Oto kilka reflekcji dotyczących finałów indywidualnych:

  1. Mistrzowie wielobojów nie wygrywają żadnego finału na przyrządach. Melnikova jest druga w ćwiczeniach wolnych, trzecia w skoku, czwarta na poręczach i siódma na równoważni. Zhanga po prostu nie ma w finałach.
  2. Wieki sukces Włochów. Bartolini jest najlepszy w ćwiczeniach wolnych. Asia D’Amato zdobywa srebro w skoku, a Marco Lodadio i Salvatore Maresca błyszczą w rywalizacji na kółkach zdobywając srebro i brąz.
  3. Chińczycy z sześciu finałów męskich wygrywają trzy: Xuwei Hu zdobywa dwa złote medale na drążku i poręczach stając się wielkim bohaterem finałów. Xingyu Lan wygrywa kółka. W finałach kobiet Xiaoyuan Wei jest najlepsza na asymetrycznych poręczach. Do kolekcji dołożyli srebro na koniu z łękami (Hao Weng) i dwa brązy: Rui Luo w finale kobiet na poręczach i męskim finale na poręczach Cong Shi.

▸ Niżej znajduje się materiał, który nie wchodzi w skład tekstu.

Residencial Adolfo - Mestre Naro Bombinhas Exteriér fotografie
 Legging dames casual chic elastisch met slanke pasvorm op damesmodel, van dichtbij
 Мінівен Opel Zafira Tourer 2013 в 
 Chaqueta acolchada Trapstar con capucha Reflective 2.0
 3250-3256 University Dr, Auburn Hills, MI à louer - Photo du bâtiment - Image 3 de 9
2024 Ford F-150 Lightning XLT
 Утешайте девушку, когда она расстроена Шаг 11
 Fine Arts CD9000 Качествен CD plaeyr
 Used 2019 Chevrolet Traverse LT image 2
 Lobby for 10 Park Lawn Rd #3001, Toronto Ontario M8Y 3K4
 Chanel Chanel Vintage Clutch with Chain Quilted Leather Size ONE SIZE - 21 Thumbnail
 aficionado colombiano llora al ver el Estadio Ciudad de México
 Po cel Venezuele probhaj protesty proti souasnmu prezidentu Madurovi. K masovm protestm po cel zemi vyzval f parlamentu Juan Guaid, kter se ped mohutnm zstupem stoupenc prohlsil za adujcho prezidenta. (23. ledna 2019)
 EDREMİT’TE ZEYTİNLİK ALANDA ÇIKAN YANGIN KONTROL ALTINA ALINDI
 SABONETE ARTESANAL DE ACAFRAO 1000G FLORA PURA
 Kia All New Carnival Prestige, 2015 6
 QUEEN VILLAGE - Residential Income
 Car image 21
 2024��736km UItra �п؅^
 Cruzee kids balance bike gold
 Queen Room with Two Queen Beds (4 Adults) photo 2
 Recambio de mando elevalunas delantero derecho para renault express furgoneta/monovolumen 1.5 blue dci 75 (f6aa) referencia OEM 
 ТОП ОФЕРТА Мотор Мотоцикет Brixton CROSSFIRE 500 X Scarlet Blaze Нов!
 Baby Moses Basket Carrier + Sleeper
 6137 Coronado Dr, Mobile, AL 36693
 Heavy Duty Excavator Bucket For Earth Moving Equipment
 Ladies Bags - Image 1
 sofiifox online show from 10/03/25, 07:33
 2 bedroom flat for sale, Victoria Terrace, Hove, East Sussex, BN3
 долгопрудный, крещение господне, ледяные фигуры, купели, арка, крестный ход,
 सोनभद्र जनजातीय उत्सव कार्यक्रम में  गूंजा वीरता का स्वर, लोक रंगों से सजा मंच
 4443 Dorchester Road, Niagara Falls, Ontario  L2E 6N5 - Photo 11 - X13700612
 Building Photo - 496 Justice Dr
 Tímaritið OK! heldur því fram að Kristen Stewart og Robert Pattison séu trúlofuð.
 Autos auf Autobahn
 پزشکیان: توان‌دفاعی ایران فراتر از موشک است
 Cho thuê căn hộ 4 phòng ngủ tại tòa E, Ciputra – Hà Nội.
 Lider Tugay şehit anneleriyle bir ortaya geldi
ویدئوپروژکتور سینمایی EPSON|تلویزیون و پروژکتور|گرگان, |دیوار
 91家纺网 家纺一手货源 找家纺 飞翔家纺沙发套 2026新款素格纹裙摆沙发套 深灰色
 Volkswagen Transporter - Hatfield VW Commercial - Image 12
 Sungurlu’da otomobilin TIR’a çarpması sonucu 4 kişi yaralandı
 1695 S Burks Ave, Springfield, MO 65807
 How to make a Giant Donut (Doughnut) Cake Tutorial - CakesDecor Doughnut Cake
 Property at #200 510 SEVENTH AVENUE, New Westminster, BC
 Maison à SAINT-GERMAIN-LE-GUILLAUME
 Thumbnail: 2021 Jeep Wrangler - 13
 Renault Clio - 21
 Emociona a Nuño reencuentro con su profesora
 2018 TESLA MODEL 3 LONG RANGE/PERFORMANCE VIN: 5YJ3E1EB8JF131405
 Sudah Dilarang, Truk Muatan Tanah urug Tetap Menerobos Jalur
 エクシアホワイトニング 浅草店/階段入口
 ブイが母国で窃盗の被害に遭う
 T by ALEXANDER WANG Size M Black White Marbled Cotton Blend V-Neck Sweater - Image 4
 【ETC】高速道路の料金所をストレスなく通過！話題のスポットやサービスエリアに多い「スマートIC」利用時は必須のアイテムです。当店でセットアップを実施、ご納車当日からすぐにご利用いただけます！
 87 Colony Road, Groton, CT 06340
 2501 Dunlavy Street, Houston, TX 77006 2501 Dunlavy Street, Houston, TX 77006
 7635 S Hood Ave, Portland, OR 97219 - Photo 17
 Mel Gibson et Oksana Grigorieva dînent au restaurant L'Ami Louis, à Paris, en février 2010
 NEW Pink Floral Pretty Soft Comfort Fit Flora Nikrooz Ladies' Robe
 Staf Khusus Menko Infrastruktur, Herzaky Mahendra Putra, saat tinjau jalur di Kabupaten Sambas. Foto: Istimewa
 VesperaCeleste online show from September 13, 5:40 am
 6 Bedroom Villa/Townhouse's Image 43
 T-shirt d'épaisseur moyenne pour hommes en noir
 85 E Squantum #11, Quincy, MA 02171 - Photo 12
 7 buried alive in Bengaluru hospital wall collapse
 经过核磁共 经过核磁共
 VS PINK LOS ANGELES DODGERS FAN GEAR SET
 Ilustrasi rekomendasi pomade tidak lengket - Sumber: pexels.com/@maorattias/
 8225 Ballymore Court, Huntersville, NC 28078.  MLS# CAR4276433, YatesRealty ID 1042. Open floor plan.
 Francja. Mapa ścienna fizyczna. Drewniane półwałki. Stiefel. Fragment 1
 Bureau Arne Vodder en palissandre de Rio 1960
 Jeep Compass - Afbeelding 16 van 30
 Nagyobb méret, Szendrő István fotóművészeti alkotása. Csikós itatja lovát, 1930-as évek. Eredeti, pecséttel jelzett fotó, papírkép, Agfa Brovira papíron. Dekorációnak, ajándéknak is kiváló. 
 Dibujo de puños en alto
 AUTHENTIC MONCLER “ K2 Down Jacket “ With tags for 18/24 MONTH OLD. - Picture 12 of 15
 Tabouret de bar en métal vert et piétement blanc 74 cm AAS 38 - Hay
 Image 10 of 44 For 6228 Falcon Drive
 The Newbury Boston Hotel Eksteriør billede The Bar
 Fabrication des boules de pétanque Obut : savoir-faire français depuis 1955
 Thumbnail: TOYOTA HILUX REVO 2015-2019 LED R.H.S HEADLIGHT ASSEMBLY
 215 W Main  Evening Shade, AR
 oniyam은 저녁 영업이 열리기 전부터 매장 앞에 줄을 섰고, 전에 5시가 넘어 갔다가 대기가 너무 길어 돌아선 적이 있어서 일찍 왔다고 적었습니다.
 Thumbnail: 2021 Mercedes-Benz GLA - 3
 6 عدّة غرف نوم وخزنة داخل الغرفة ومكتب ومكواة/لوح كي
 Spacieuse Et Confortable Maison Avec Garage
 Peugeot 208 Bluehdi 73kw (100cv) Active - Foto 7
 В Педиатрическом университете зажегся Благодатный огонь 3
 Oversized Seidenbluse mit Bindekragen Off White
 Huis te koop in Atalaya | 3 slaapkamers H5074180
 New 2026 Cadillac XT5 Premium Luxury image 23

  4. Jakoś uporaliśmy się z chińskimi nazwiskami. A teraz chwila życzliwych wspomnień. Oto trzykrotny złoty medalista olimpijski, gimnastyk który tym samym przeszedł do historii światowej gimnastyki, niezapomniany 32-letni Kohei Uchimura  wystartował w tych mistrzostwach i wszedł do finału w ćwiczeniach na drążku. Zajął w tym finale 6 miejsce. Było to jego ważne spełnienie.
  5. Dwie niezwykłe Japonki wygrywają złote medale w finałach równoważni (Urara Ashikawa) i w ćwiczeniach wolnych (Mai Murakami). Murakami uchodzi już za weterankę w wielu 25 lat. To złoto było jej drugim, po złocie wywalczonym w roku 2017.
  6. Pozostali złoci medaliści to: Rebeca Andrade w skoku, Filipińczyk Carlos Yulo także w skoku i Amerykanin Stephan Nedoroscik na koniu z łękami.
  7. Było pięknie, niemal bajkowo. Jak zawsze podczas rywalizacji w gimnastyce. Czekamy na Polaków w finałach wielkich imprez.

JW.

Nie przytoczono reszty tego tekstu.